▶ [WHAT TO WORK ON] Type out the data exactly as given. Skip any image.

▶ [DATA FOR REVIEW]
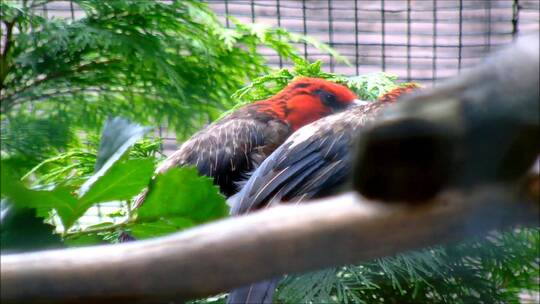 两只栖息在笼子里的鸟视频素材模板下载
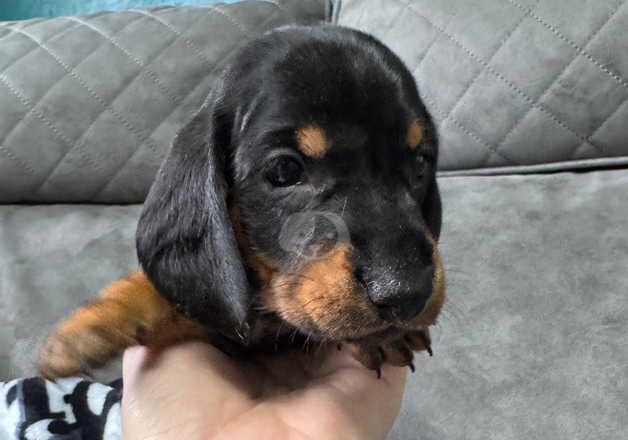 Dachshund Puppies for sale in Lancashire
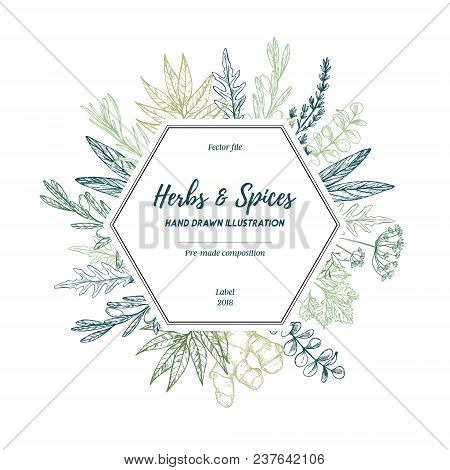 Hand Drawn Vector Illustration. Label With Herbs And Spices (sage, Tarragon, Ginger). Herbal Pre-mad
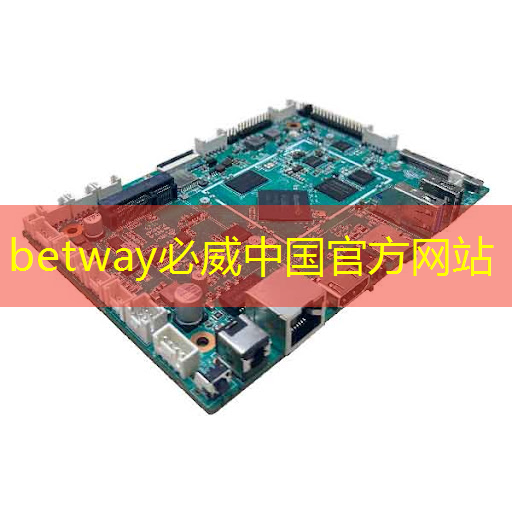 必威：为旌科技黄智：小而美的智能AI视觉芯片是怎么炼成的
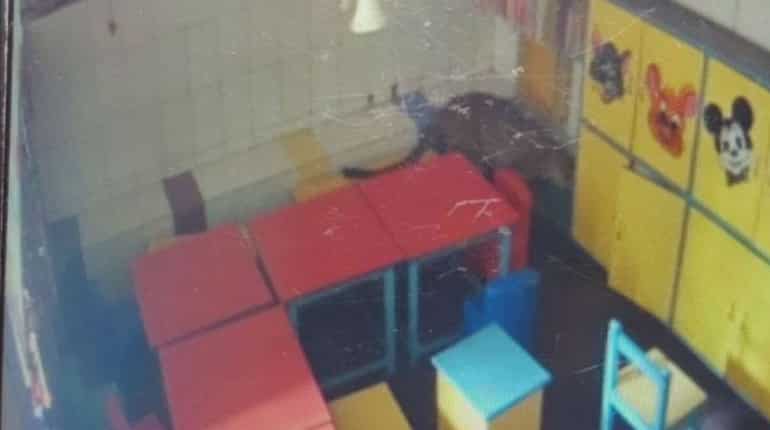 Watch: Leopard enters playschool in Mumbai Watch: Leopard enters playschool in Mumbai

▶ [ANSWER SPACE]
 两只栖息在笼子里的鸟视频素材模板下载
 Dachshund Puppies for sale in Lancashire
 Hand Drawn Vector Illustration. Label With Herbs And Spices (sage, Tarragon, Ginger). Herbal Pre-mad
 必威：为旌科技黄智：小而美的智能AI视觉芯片是怎么炼成的
 Watch: Leopard enters playschool in Mumbai Watch: Leopard enters playschool in Mumbai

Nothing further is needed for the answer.